Huron Island Lighthouse

Huron Island Lighthouse

“Hurry up! You don’t want to be late the first day of school!”Mother handed Myron his lunchbox and shooed him out the door of the keeper’s house.

He ran down the hill below the lighthouse to the boat where his father waited to take him and his brother and sister to school.

Like most children of lighthouse keepers that lived on islands, the only way to get to school was by boat. Once the boat reached the mainland, the children walked the rest of the way to school.

How long it took to get to school was determined by the weather and its effect on the water.

When Willie Corbett, Myron’s father, was lighthouse keeper at Tenants Harbor Lighthouse, he had to row the children over every morning and row them back every afternoon. But this was only during the fall and spring months, since the trip was too dangerous in the winter, so the kids couldn’t attend school at that time.

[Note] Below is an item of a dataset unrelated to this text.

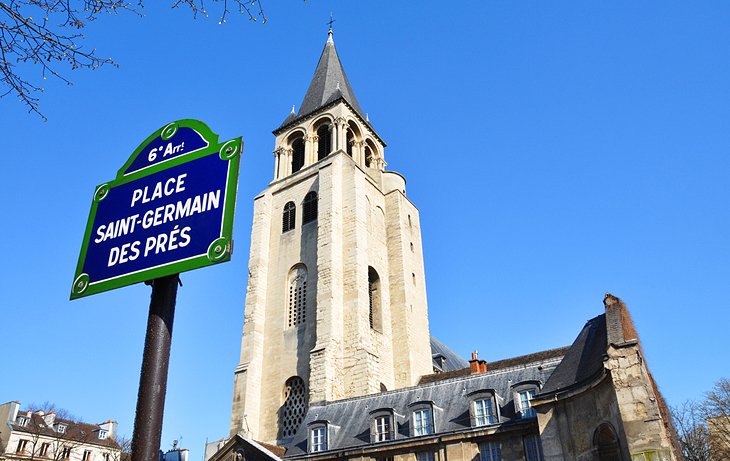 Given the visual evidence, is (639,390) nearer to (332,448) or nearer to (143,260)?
(332,448)

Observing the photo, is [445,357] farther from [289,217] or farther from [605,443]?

Sometimes, a storm would blow up while the kids were at school, and they were forced to stay on the mainland at someone’s else’s house. Once when Dorotha Dodge’s father was the lighthouse keeper at a lighthouse in the Great Lakes, the waves were so fierce when he came to get her after school that they were breaking over the rowboat. Her father told her to just keep bailing while he battled his way back to the lighthouse where her mother anxiously awaited their return.

Tenants Harbor Light, courtesy Jeremy D'Entremont

Tenants Harbor Light, courtesy Jeremy D’Entremont

Other lighthouse children stayed with families on the mainland for the whole school year, only seeing their parents on holidays. When Roscoe Fletcher was the Keeper at Matinicus Rock, a remote island off the coast of Maine, his two daughters boarded with friends and relatives on shore during the school year and visited with their parents at vacation time. However, sometimes, bad weather prevented their visits, especially during winter vacations, and as a result, several Christmases were spent with the girls on the mainland because the weather was too bad for them to get out to the Rock.

Dick Campbell’s father was the keeper at Old Mackinac Point on Huron Island in Lake Superior. Dick, his mother and siblings, stayed on the mainland in the winter when ice blocked boat traffic in the lake. Each Christmas, the family looked forward to a reunion with their father, which was only possible if the ice allowed the assistant keeper to relieve Keeper Campbell so he could leave the lighthouse.

It can be quite a challenge getting children to school. Today, parents have to make sure shots are updated, supplies are bought, and lunchboxes and backpacks are ready. Schedules have to be posted and coordinated within the family.

But despite the hassle, parents desire to have their children educated and prepared for a successful future. So, parents, take heart! You’re doing the right thing.

 

“Train up a child in the way he should go: and when he is old, he will not depart from it.”

Proverbs 22:6 (KJV)

What challenges do you face getting your children to school?